Given material
============================================================
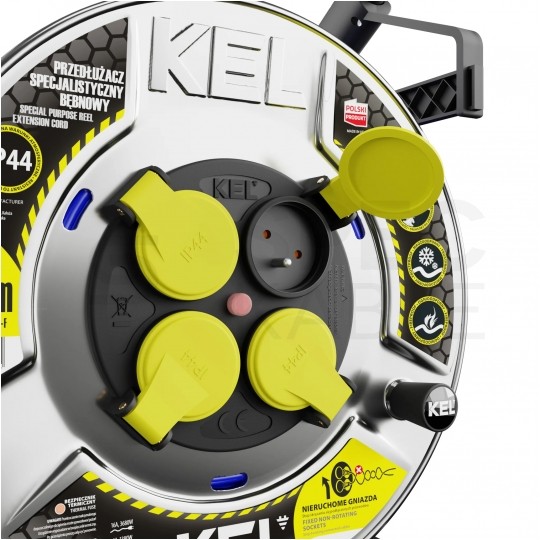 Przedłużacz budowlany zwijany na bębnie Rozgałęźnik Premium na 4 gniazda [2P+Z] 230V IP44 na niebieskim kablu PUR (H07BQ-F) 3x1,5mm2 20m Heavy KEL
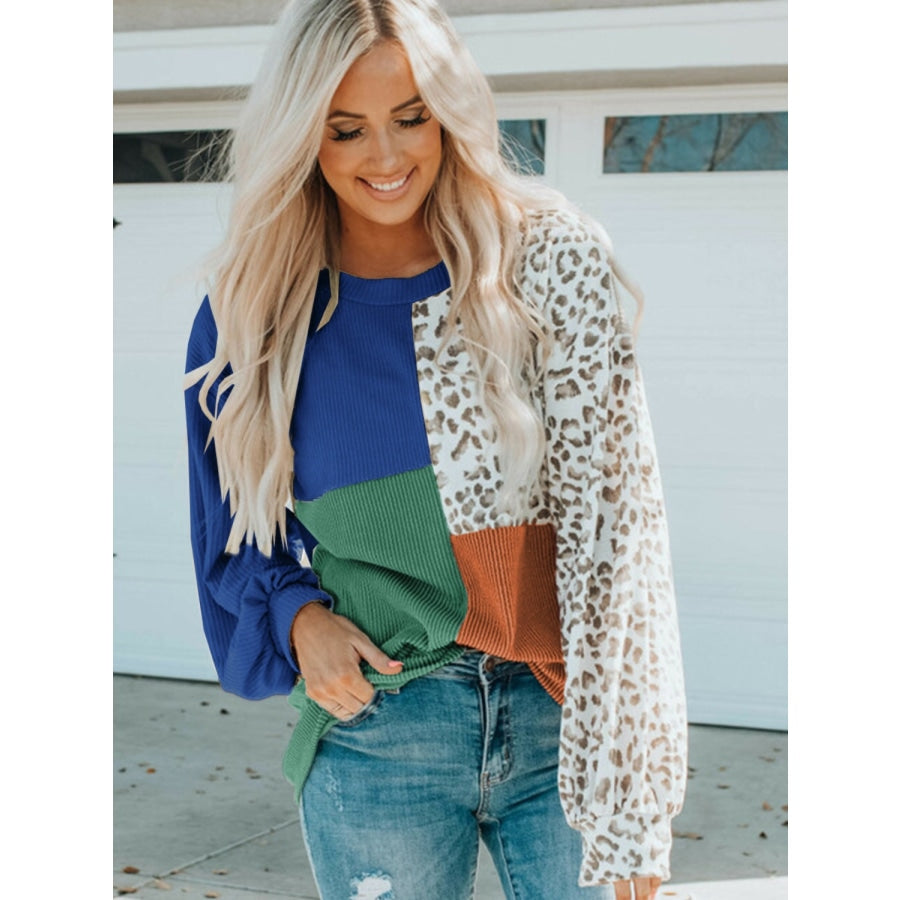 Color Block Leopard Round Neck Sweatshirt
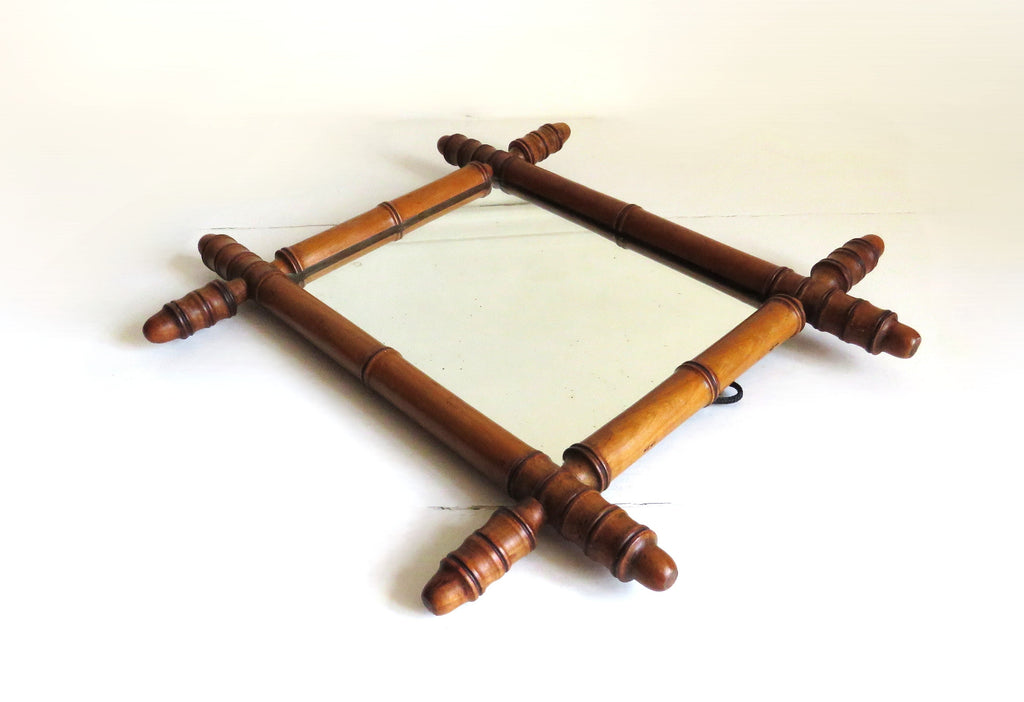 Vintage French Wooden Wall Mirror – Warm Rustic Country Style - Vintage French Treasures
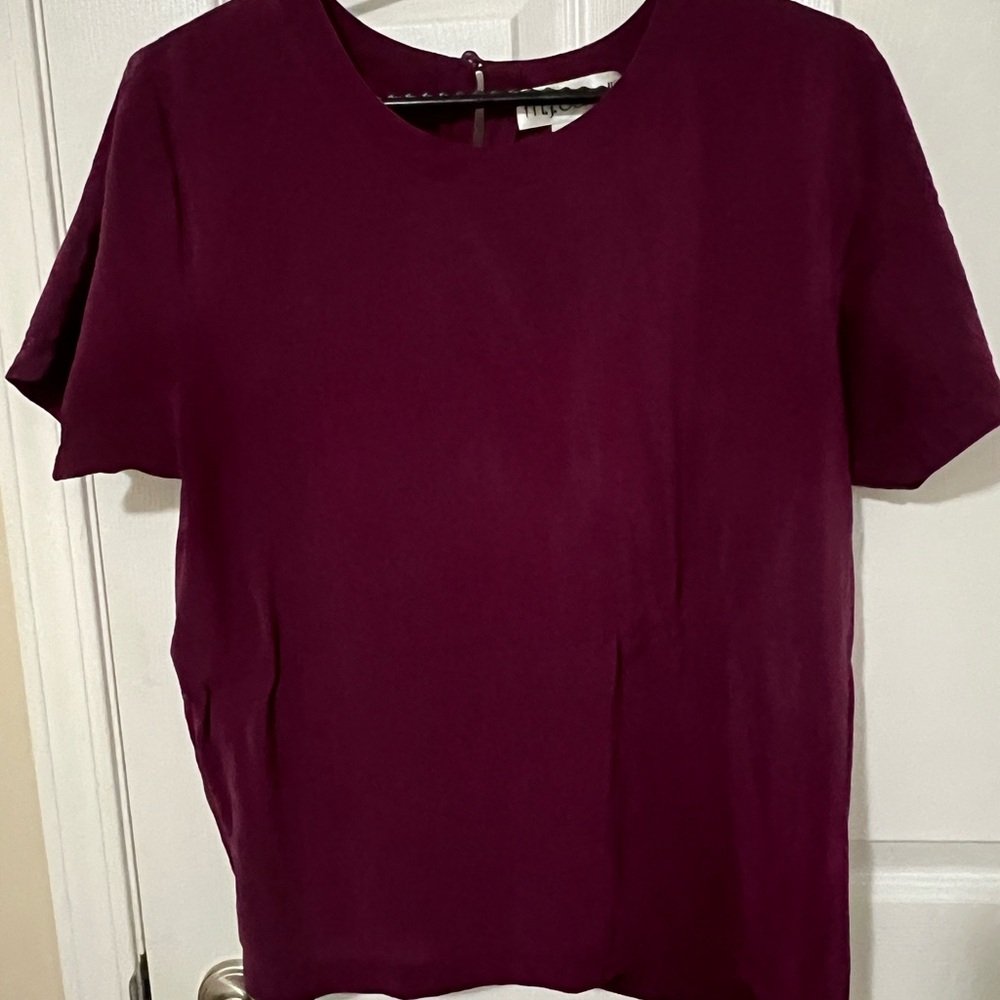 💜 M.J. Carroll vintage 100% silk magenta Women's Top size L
============================================================
Directions
Please return the whole listing exactly. Do not copy its images.

Result for this task
 Przedłużacz budowlany zwijany na bębnie Rozgałęźnik Premium na 4 gniazda [2P+Z] 230V IP44 na niebieskim kablu PUR (H07BQ-F) 3x1,5mm2 20m Heavy KEL
 Color Block Leopard Round Neck Sweatshirt
 Vintage French Wooden Wall Mirror – Warm Rustic Country Style - Vintage French Treasures
 💜 M.J. Carroll vintage 100% silk magenta Women's Top size L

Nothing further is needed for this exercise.